= Beginning of Section =

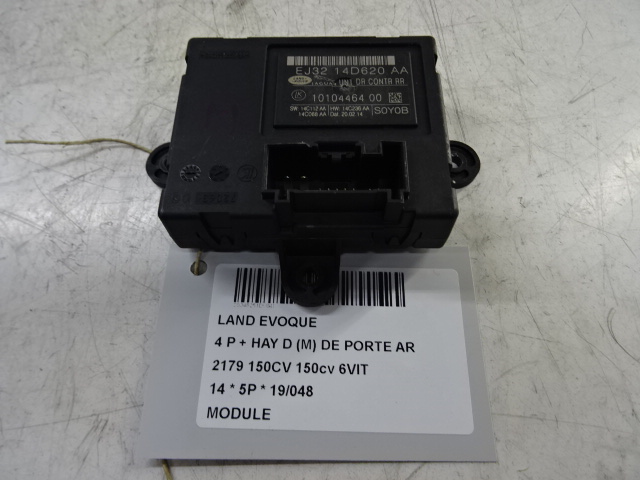MODULE Land Rover EVOQUE 06/11 - 19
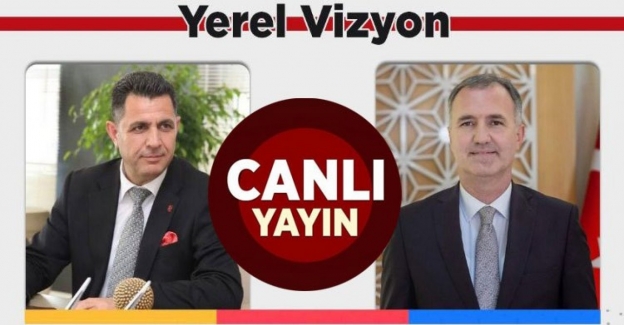 Bursa İnegöl Belediye Başkanı Alper Taban İGF TV'de canlı yayında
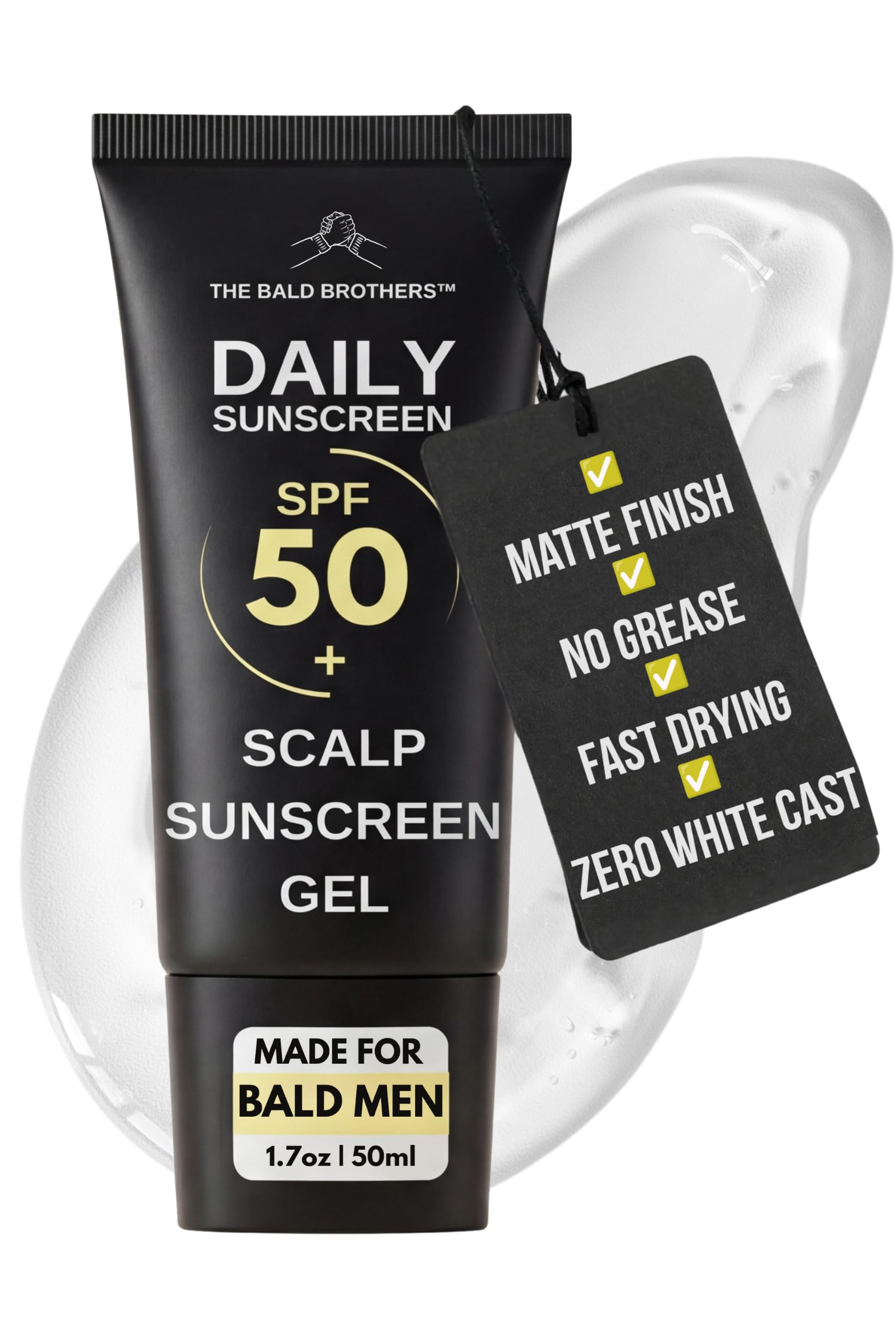 Daily Scalp Sunscreen SPF 50+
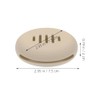 2 Piezas Estuche Portátil de Silicona Organizador Compacto y Resistente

= End of Section =

- _Brief_: Begin with the line containing "Daily Scalp Sunscreen SPF 50+" and end with the last line of the material above; return exactly those lines, both ends included, and omit all pictures.

- _Response_:
 Daily Scalp Sunscreen SPF 50+
 2 Piezas Estuche Portátil de Silicona Organizador Compacto y Resistente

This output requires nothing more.